22 Temmuz 2025 tarihinde ABD Kongresi, esir milletlere ilişkin özel bir brifinge ev sahipliği yaptı. Brifingde Sürgündeki Doğu Türkistan Hükûmeti (ETGE), Tibet, Güney Moğolistan’dan temsilciler ile ABD’li yetkililer ve Kongre personeli bir araya geldi. Etkinlikte bu bölgelerin Çin yönetimi altında yaşadığı süregelen işgal, baskı ve kültürel yok oluş ele alındı.
ETGE tarafından yapılan açıklamada, komünist emperyalizm altında ezilen milletleri tanıyan ve onların özgürlük ile egemenliğini yeniden kazanmasına destek çağrısı yapan 1959 tarihli Esir Milletler Kararı’nın (Kamu Hukuku 86-90) önemi vurgulandı. Kararda Doğu Türkistan ve Tibet açıkça adıyla anılıyor.
Doğu Türkistan’ın Dışişleri ve Güvenlik Bakanı Salih Hudayar, etkinlikte güçlü bir açılış konuşması yaptı. “Doğu Türkistan, 1959 tarihli kararda Çin’in bir parçası değil, komünist emperyalizm tarafından ezilen bir millet olarak tanınmıştır. Ne yazık ki esaretimiz sürüyor,” dedi.
Hudayar, Doğu Türkistan’daki durumu süregiden bir soykırım olarak tanımladı. Milyonlarca insanın halen kamplarda ve cezaevlerinde tutulduğunu, bir milyondan fazla çocuğun ise ailelerinden zorla koparıldığını vurguladı. 2024 yılında Kongre’de verilen ifadeye atıfla, her yıl 25.000 ila 50.000 Uygur ve Türk gencin organları için öldürüldüğünü ileri sürdü. Türkiye’yi ise Doğu Türkistan bağımsızlık hareketini bastırmak için Çin istihbaratıyla işbirliği yapmakla eleştirdi ve Çin Komünist Partisi’nin (ÇKP) yurt dışındaki Uygur toplumlarını bölme ve asimile etme çabalarına dikkat çekti.

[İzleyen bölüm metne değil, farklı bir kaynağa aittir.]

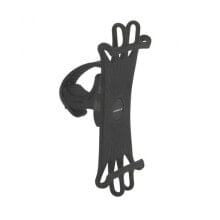 Bike Phone Holder Mobilis 001353 Black Silicone 4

Hudayar, Kongre’yi Doğu Türkistan’ı işgal altındaki bir ülke olarak tanımaya, bağımsızlık mücadelesiyle ilgili oturumlar düzenlemeye ve Çin’in Uygur diasporasına yönelik sınır ötesi baskılarını araştırmaya çağırdı. “Sadece ÇKP’yi ortadan kaldırmak yeterli değil,” diyen Hudayar, “Çin imparatorluğu da dağıtılmalı. Doğu Türkistan’ın özgürlüğünü geri kazandırmak, Esir Milletler Kararı’nın bize yüklediği bir sorumluluktur,” ifadelerini kullandı.

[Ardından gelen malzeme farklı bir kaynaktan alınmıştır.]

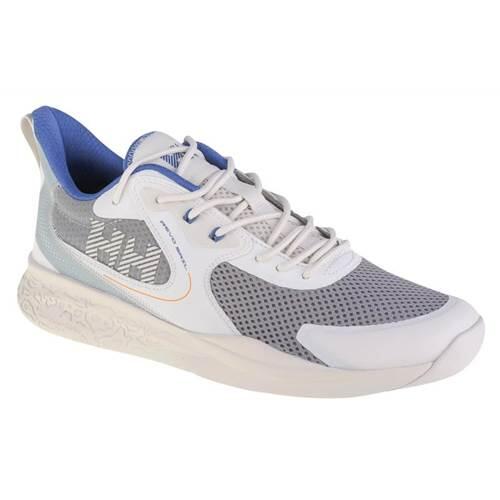 Scarpe sportive nautiche Helly Hansen Revo Sail Bianche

Tibetli-Amerikalı topluluğu ve Tibet’in Rangzen hareketini temsilen konuşan Tenzin Wangdu ise Tibet’in özgün ulusal kimliğini yeniden teyit etti: “Tibet hiçbir zaman hukuken Çin’in bir parçası olmadı. Bin yılı aşkın süre boyunca kendi hükûmetimiz, kültürümüz ve kimliğimiz vardı,” dedi. Wangdu, 1951’de Tibet’e yönelik Çin işgalini bir kurtuluş değil, bir istila olarak tanımladı ve somut adımlar atılması çağrısında bulundu. “Boş söylemler dönemi bitti. Tibet halkının varlığını güvence altına alacak tek çözüm bağımsızlıktır,” diyerek sözlerini tamamladı.